Meanwhile, Apple’s newly announced (and $3,499) Vision Pro headset – a self-contained, standalone VR/AR device that Apple is positioning as a full spatial computer – isn’t arriving until 2024, but it stands as the highest-priced and highest-resolution experience on the horizon. Based on an early first demo, the hardware definitely impresses, but the software remains more of an unknown. At this point, Apple’s device is very much a wait-and-see product, although its ability to run all sorts of iPad apps and have multiple 3D apps open at once could make it a unique option for someone with a giant wallet.
The Vision Pro isn’t the only mixed reality VR headset out there: Expect more in this category, which blends VR with video of your surroundings using color passthrough cameras that feels almost like augmented reality. Apple’s technology already looks to be the best, but the $1,000 Meta Quest Pro also has color cameras and eye tracking, although its passthrough cameras are far lower-res than the Vision Pro. And Meta’s less expensive upcoming Quest 3 promises to handle mixed reality even better, with added depth sensors. The $1,100 HTC Vive XR Elite is a similar type of product that’s even smaller, but doesn’t have included eye tracking and software that didn’t feel perfected when we tried one.
The cost of a new VR headset is going up these days, clearly. If price is your biggest concern, the Quest 2 still offers the best value in VR: a completely wireless experience, with access to a great library of fantastic games. It can also be connected to a PC to play games, such as Half-Life: Alyx, or to run a variety of PC VR applications. Meta keeps improving its software over time with added extras.
Anyone in the VR and AR industry who’s looking to explore next-gen face tracking or mixed reality ahead of the Vision Pro might consider the Quest Pro, but anyone else should wait for the Quest 3.
VR’s strongest applications tend to be gaming and fitness. For fitness, a standalone headset like the Quest 2 is practically mandatory, to avoid wire tangles and make sure you can move around.
Qualcomm has been making headway on a wave of VR and AR headsets that plug right in to phones, but at the moment the software for these devices is a work in progress. Apple’s upcoming Vision Pro doesn’t work with iPhones yet, and is designed to be more of a home work device than something fully mobile.
Meanwhile, Samsung, Google and Qualcomm have announced a partnership for future products, suggesting a mixed-reality headset could be arriving in the next few years. If you want a phone-connected device, you probably should wait and see how Samsung and Google’s future products shake out.
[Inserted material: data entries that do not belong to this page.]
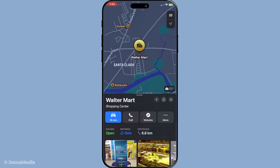Plus, it's a safer way to let others know your status, allowing you to focus more on the road ahead. Thanks for watching and happy navigating with Apple Maps.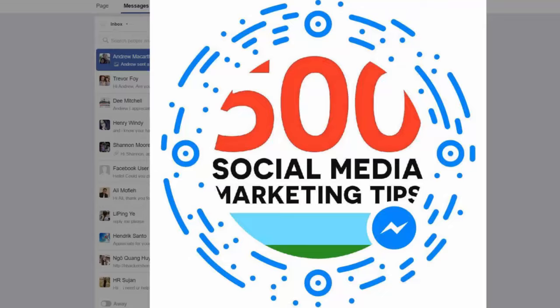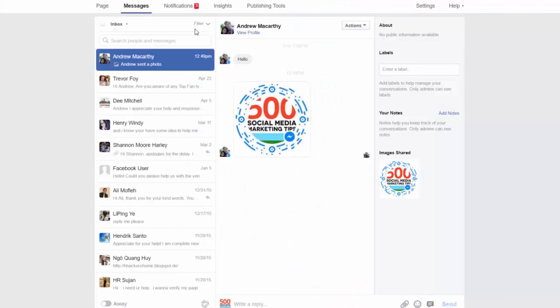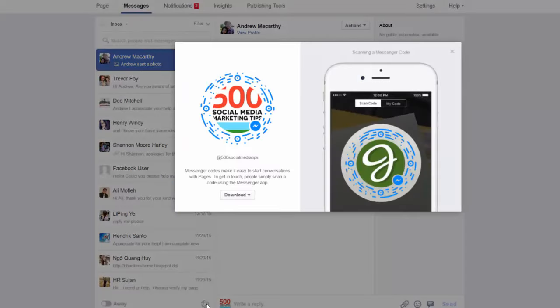So what you want to do is visit the Messages section of your Facebook page. Down here you'll see an icon for the Messenger code, so just click on that. And when it pops up, hit the Download button.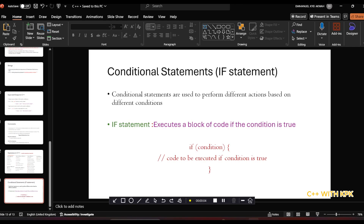Hello guys and welcome back to programming C++. Today I want to look at conditional statements. A conditional statement is basically used to perform different actions based on different conditions. The moment a condition is satisfied, an action is performed; if it's not satisfied, another action could be performed, or everything could be ignored.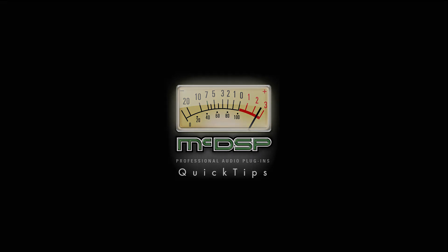Hi and welcome to MCDSP Quick Tips, a series of short videos to help you get the most out of your MCDSP plugins. This video is about adding some vibe to a program drum track using the 6050 Ultimate Channel Strip.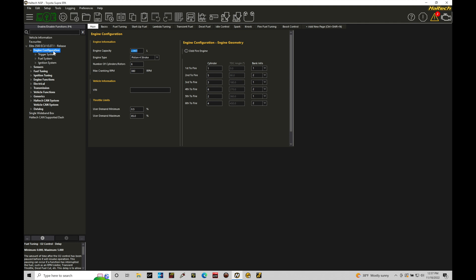Going into the engine configuration allows me to program some basic details. First things first, we have our engine capacity — this is the displacement of the engine we're dealing with. This seems like a very basic parameter, but it is incredibly important that you program this accurately to your engine displacement. If we're going through calibrating our volumetric efficiency table or dealing with a mass airflow sensor — an airflow-based fueling strategy — we have to have either the VE table representation or the MAF sensor measurement to perform the fueling conversion. Without having the engine capacity correct, everything downstream will be incorrect.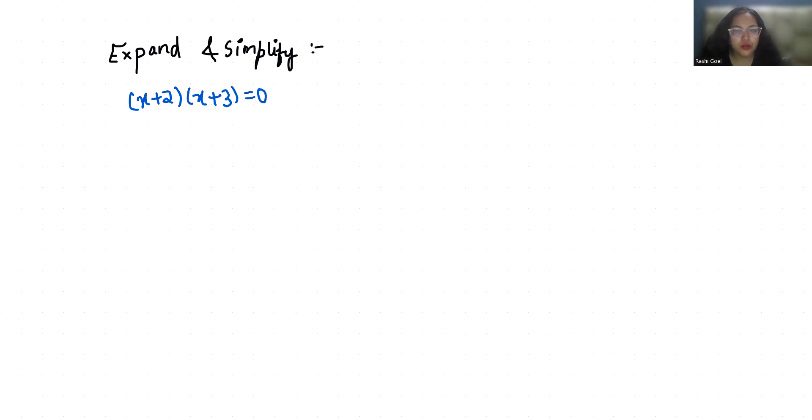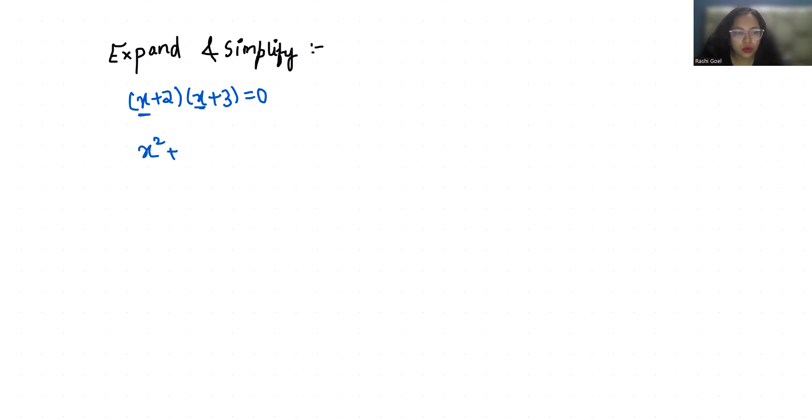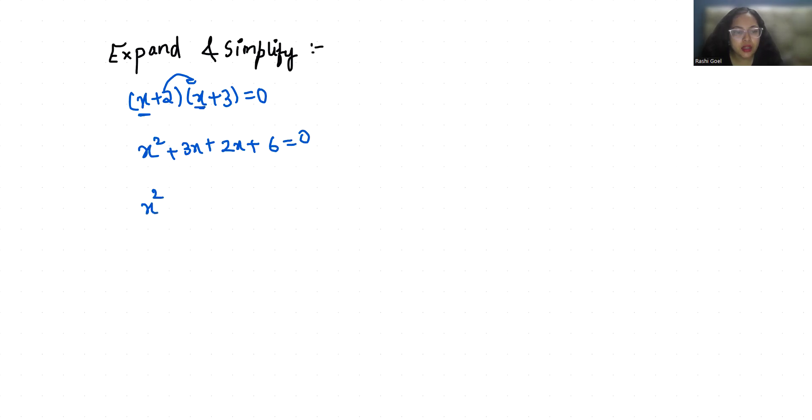So we can expand it by multiplying x with x, so x squared, x with 3, 3x, 2 with x, 2x, and 2 with 3, 6, equals 0. Now x squared plus 5x plus 6 equals 0.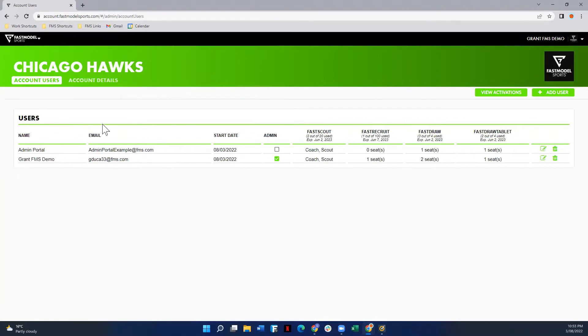Even something as small as these accent lines here, the checkmark boxes, all that has started to update based on our account colors now.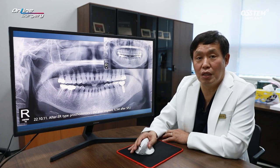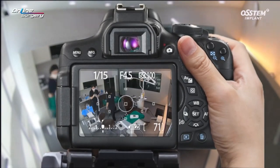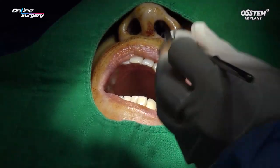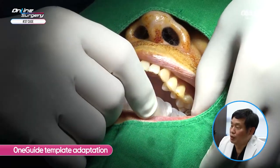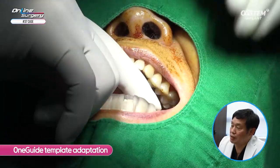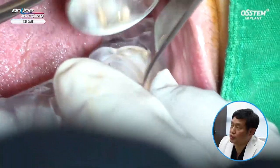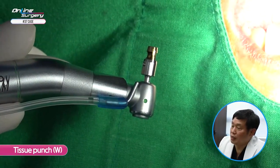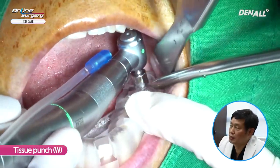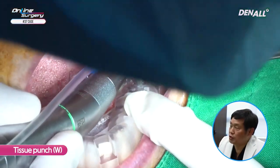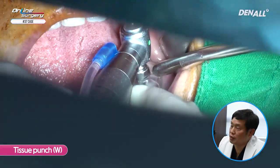Let's look at the surgical clip. As you can see, the one guide template is adapted and I'm checking the adaptation — it fits very well. If you look at the distal side of the mesial tooth, you can see that it is fitting nicely. A wide-type tissue punch is used to remove overriding mucosa. I'm using the tissue punch full length — there's no stopper on the tissue punch. Overriding mucosa is fully removed.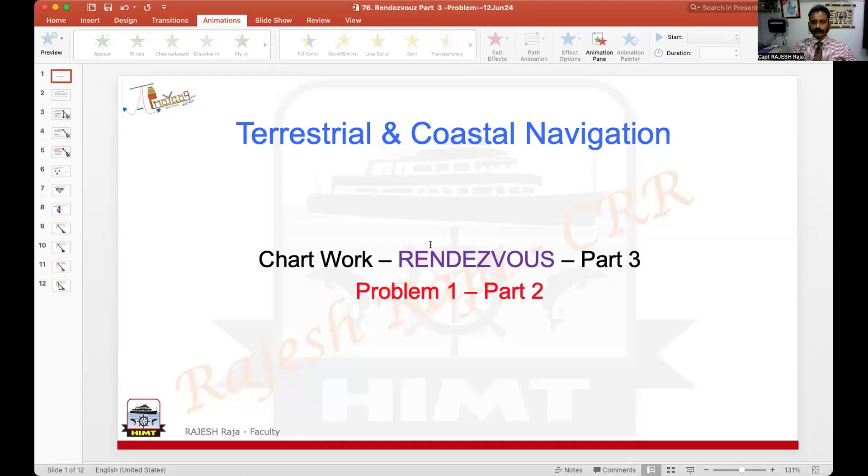Anakam. Namaste. Namaskar. Welcome back to Jalpur Yad. Today I am going to continue on the same rendezvous question we had started in the last session.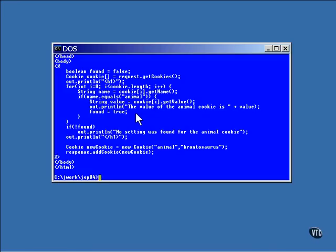And the Boolean value found is then set to true to indicate that the cookie was indeed set. If it was not set, if this cookie was not defined inside this web browser, the fact is displayed as part of the page.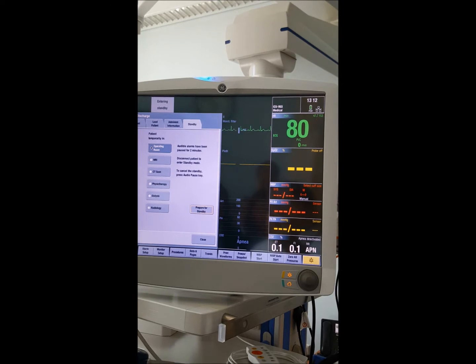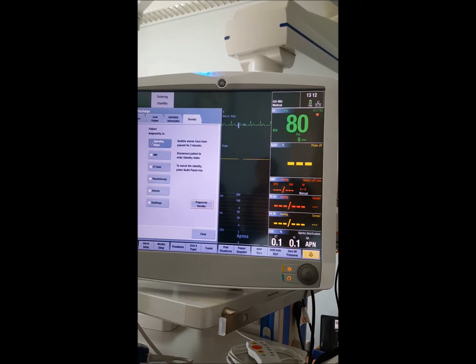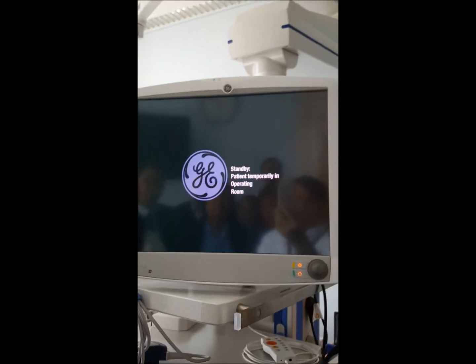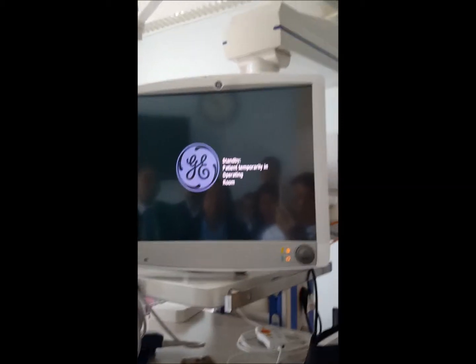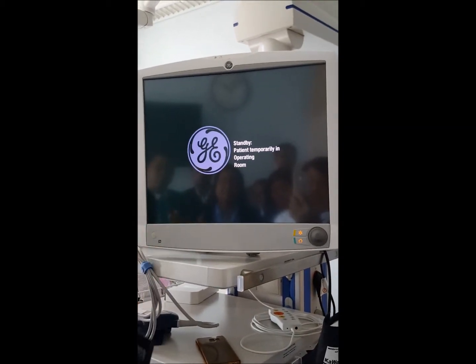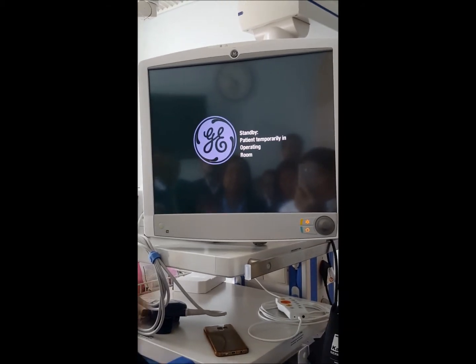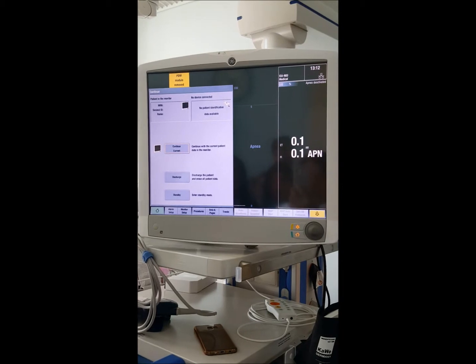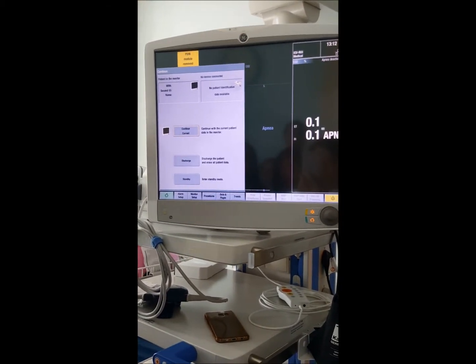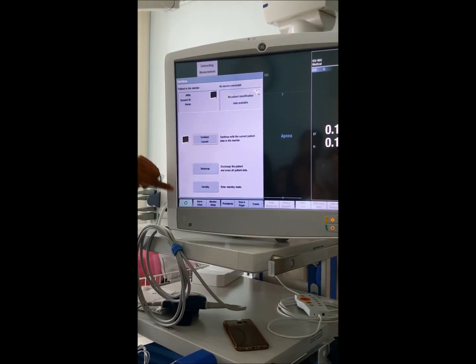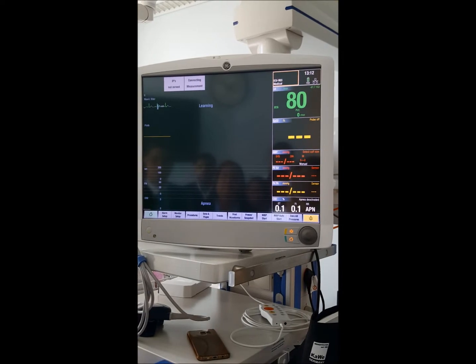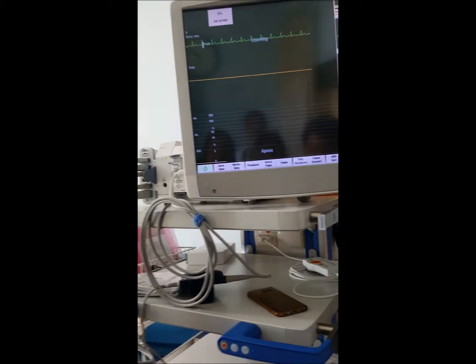The monitor enters standby with the patient location noted. When the patient returns, just touch the screen and everything comes back to normal. It will ask three questions: continue with current patient, discharge the patient, or standby. Select 'Continue with current patient' and all details from the time of admission are restored.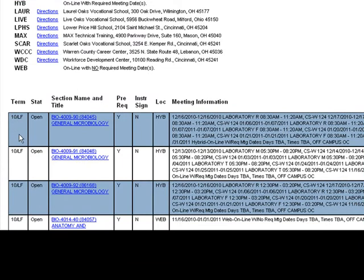Term displays the term for when the course is offered. Stat displays the current course status, open or closed. Section Name and Title displays the course name and number.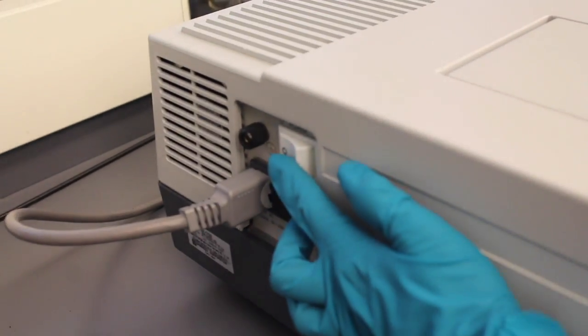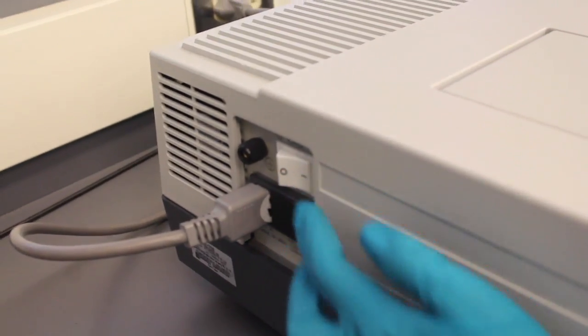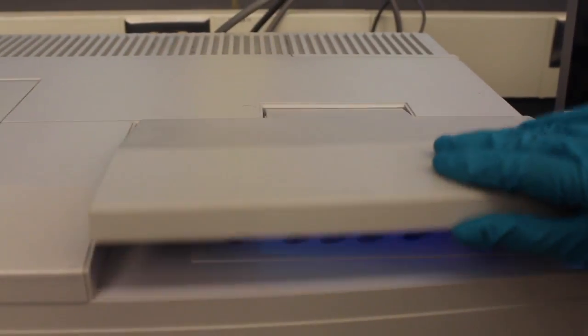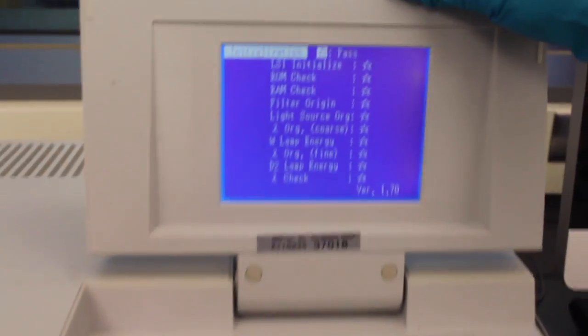The first step is to turn on the machine. Once it is on, the machine will start the initialization process.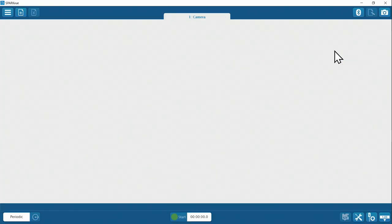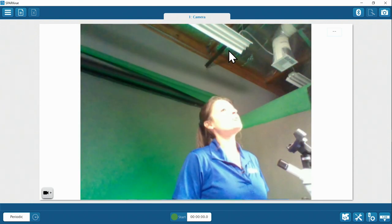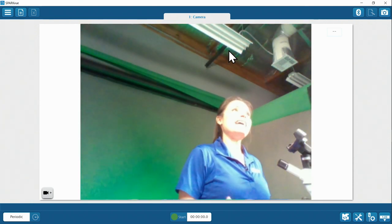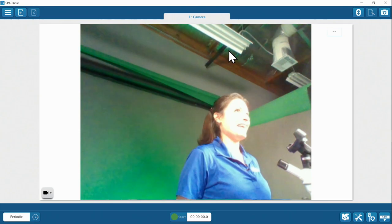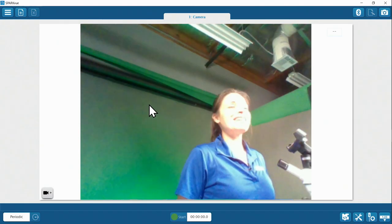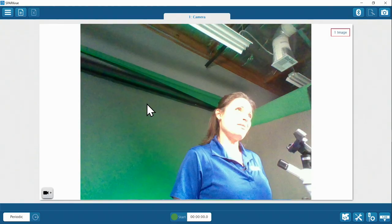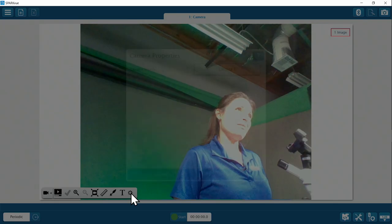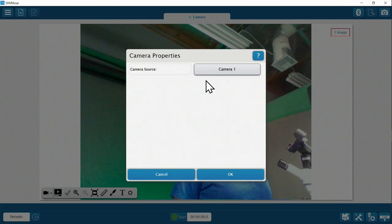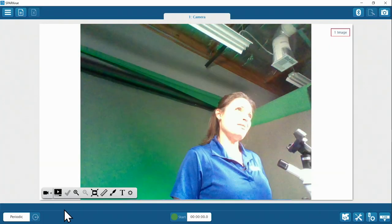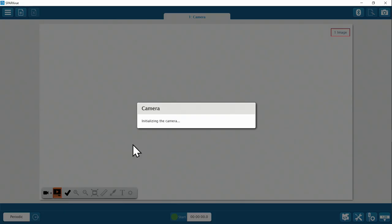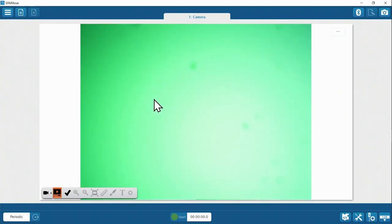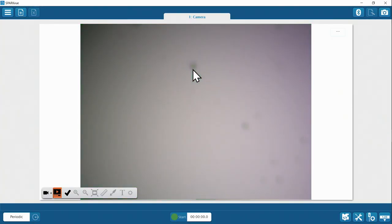Now you can click the camera icon and SparkView will bring you to a new screen. The live camera feed should be available right away. If the feed is not coming from the microscope, click inside the image to stop the live video stream, open the camera tools menu, go to settings, and try a different camera. Then select preview to go to live stream mode. That's my microscope.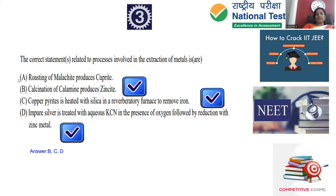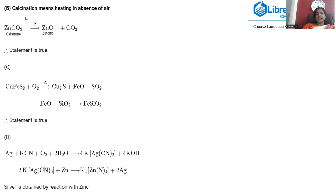Option B: Calcination of calamine produces zincite. Calcination means heating a substance in the absence of air. Calamine is zinc carbonate (ZnCO₃). Upon heating, zinc carbonate converts into zinc oxide (ZnO) — zincite — and carbon dioxide is released. So option B, that calcination of calamine gives zincite, is perfectly correct.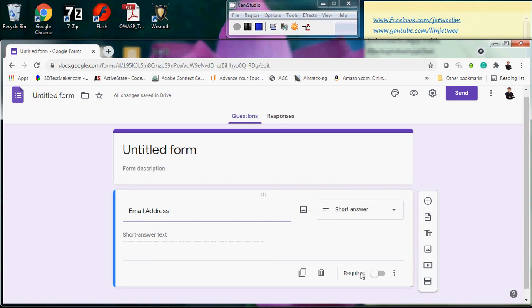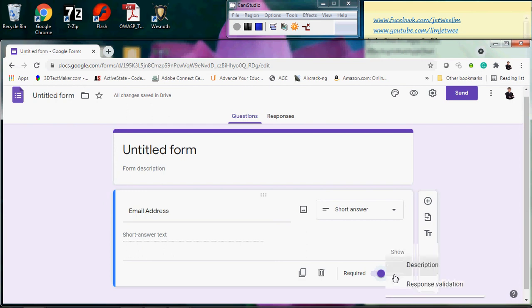To make the field required, you enable the 'Required' toggle — this marks it as a required field that must be answered. But how do you validate what is entered? What if someone just types 'ABC' and submits? That's clearly not a valid email — there's no @ sign. This is what the main topic of this video covers: the three-dot menu beside the description also has a 'Response validation' option.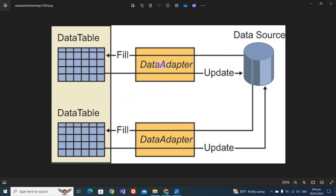The DataAdapter is used to fetch data and can also update the data source. You can query data from the data source, fill it into a DataTable in memory, and if you update anything in the DataSet, that update can go back to the data source. This cannot happen with the DataReader — that is the key difference. The DataAdapter contains a set of SQL commands: Insert, Update, and Delete.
If you’re a PC gamer, a PC-connected VR headset still offers the most versatile collection of software for an immersive VR experience, and it also lets you use that headset for creative and business tools. Note that a more powerful VR system will still be largely tethered to a desktop or laptop and may require external sensors. Valve hasn’t had any new VR hardware in a while, and it’ll be interesting to see if anything new gets announced anytime soon.
And what about console gaming? The aging original PlayStation VR still exists, but you’re better off getting the PSVR 2 if you have a PS5 and have the money to spend (and don’t mind a tethered cable).
We update this best VR headset list periodically, but note that prices are subject to change.
How we test VR headsets
Even though mainstream VR headsets have been around for nearly a decade, the apps they run and the computers, phones and game consoles they work with keep changing. We run key apps and software on the headsets, using them mainly in standalone mode if they’re designed to be self-contained, or with a PC, game console or phone if they’re primarily meant as connected peripherals.
We use the headsets for a mix of work, gaming, fitness and creative uses, and stay attentive for where the headsets have pain points (moments of discomfort, feelings of disconnect, or sensations of nausea or distortion). Using technology like VR can often be a highly subjective experience, but by being attentive to details we find we can discover where each product is uniquely useful.
Comparison is also key: I’ve looked at pretty much every wearable AR and VR device of the last 15 years, and also covered a lot of the wearable tech, phone and computer landscape. How these devices work as game consoles, fitness devices, work accessories and social tools are all key areas. We also think about displays, audio, controllers and accommodations for eyeglasses.